IML-MPU is a large-scale synthetic forgery dataset generating by Photoshop scripting (PS-Scripting), using a diverse set of samples sourced from VISION, KCMI, and own photographs selected as original images. The dataset comprises three distinct subsets, namely copy-move, splicing, and removal, consisting of 38,000, 43,000, and 32,000 images, respectively. It contains uncompressed TIFF images and JPEG images with different compression factors.

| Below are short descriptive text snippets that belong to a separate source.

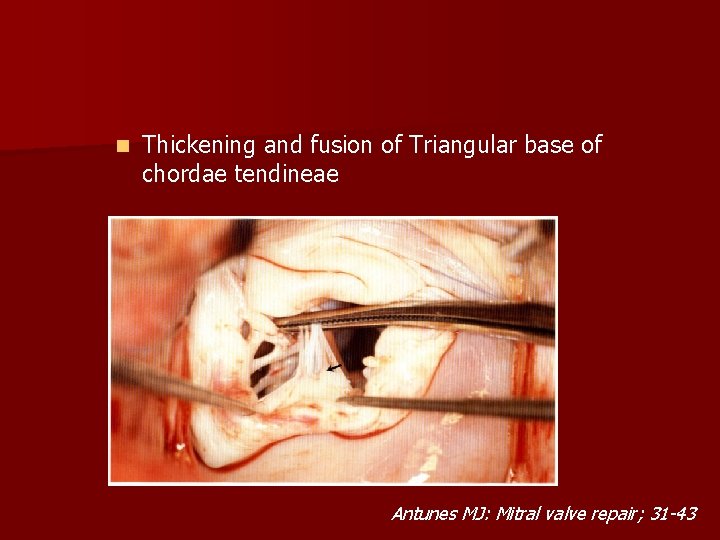 n Thickening and fusion of Triangular base of chordae tendineae Antunes MJ: Mitral valve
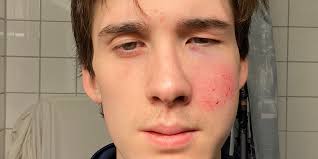 Strand fick flera frakturer i ansiktet av bandyboll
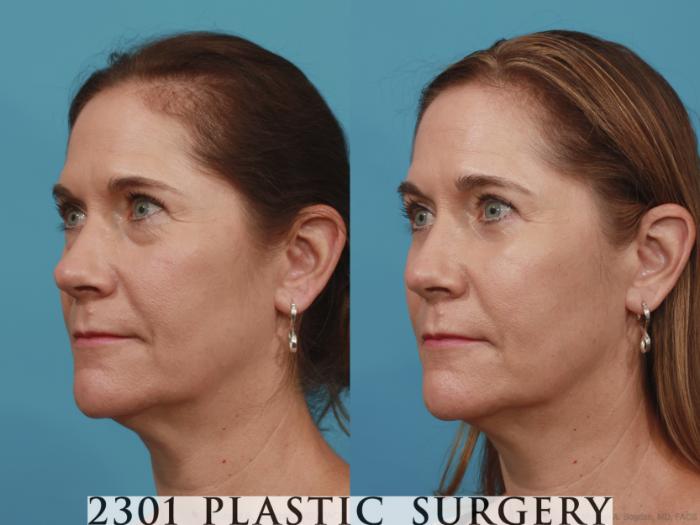 Before & After Blepharoplasty Case 619 Left Oblique View in Fort Worth, Plano, & Frisco, Texas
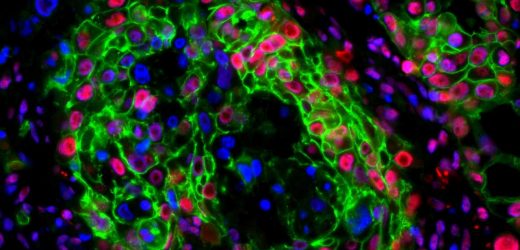 Lab results show promise for future pancreatic cancer treatment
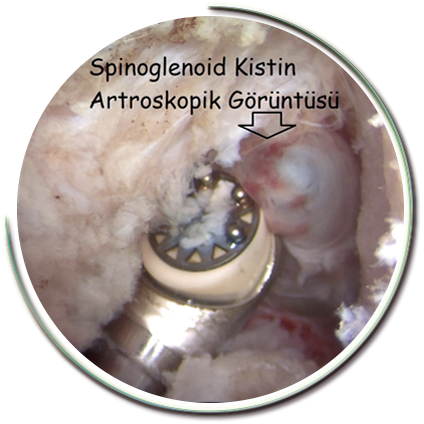 Spinoglenoid Kist Ameliyatı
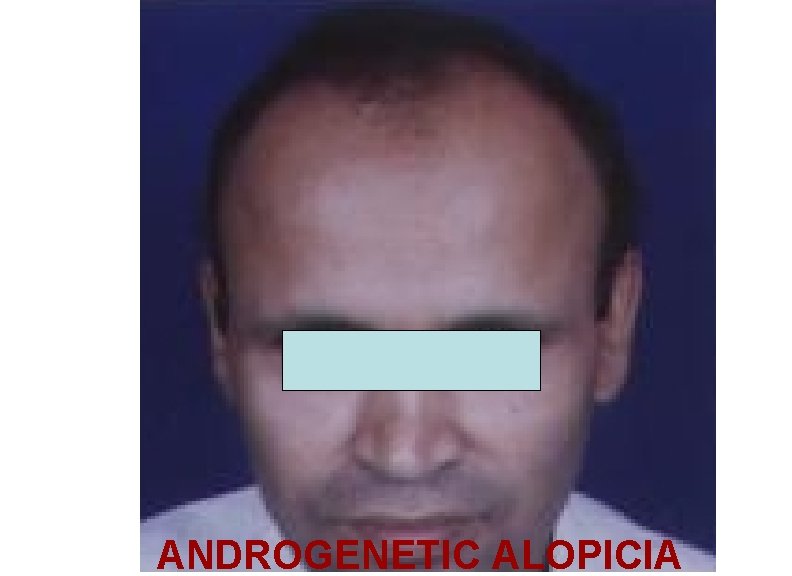 ANDROGENETIC ALOPICIA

The NANet Dataset is a synthetic dataset specifically designed for splicing forgery detection, using the MSCOCO datasets as its foundational sources. There are 113,964 forgery images in NANet. In this dataset, the positively labeled instances correspond to tampered regions, whereas the negatively labeled instances pertain to non-tampered regions. A pair of positive and negative region belongs to the same category to ensures a reasonable semantic relevance of tampered images within the NANet dataset.
The SPANet Dataset is a synthetic dataset specifically designed for copy-move forgery detection, using the SUN and MSCOCO datasets as its foundational sources. The dataset consists of 550 basic forgery images, including a diverse range of 12 attack types within rotation and scaling variations, and 11 post-processing techniques. Therefore, the number of forgery images in SPANet Dataset is 550 * 12 * 11 = 72600.